I decided, about a week ago, to keep it, and cast my vote with that part of me willing to embrace the future along with the past.  I think it was the right decision.

“What do you want to do with this?” the contractor asked me on Friday, as he pointed to a cavity in the exterior, north-facing, kitchen wall underneath the window.  It was about 12″ x 12″x 4″ deep, although I was reluctant to stick my hand in to get a precise depth measurement and risk having it shredded by the somewhat menacing-looking crumpled tin.

Ice Box in the Wall

“What is it?” I asked. “Probably a place where they stored ice.  We can reline it,  and put a small cabinet door on it, if you want to keep it.”  I most certainly did!  I have renamed it the wine cellar.  I immediately saw it as a nice place to keep a bottle or two of wine, flanked by 10″ thick masonry walls and benefiting from the blasts of cold wind that would certainly blow in from the north on cold days.

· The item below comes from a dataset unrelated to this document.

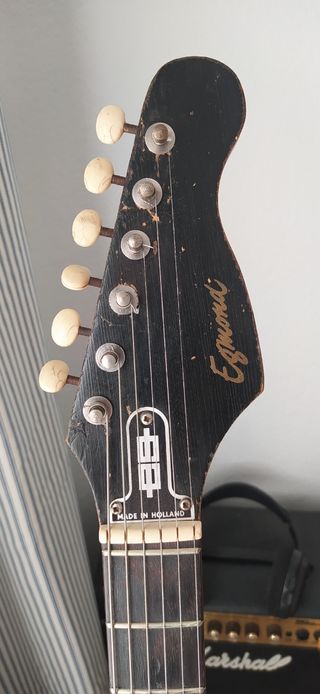 Guitarra eléctrica Egmond, Typhoon V3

There are a few other treasures from the past here.  Each of the bathrooms has a small button (the one in the Master bath is located to the left of the door and looks to be made of mother of pearl; the one in the second bathroom has been painted over), which presumably summoned the maid.  Everyone who walks into the Master bath always presses it, but its ring has been long silenced.

There is also an outlet of some sort in the middle of the dining room floor (and under any dining room table, past or future) which we assumed connected to some device you stepped on to also request the maid to come.  Perhaps if I ever succumb and set up a Fresh Direct account, I can wire the bells and buzzer to them.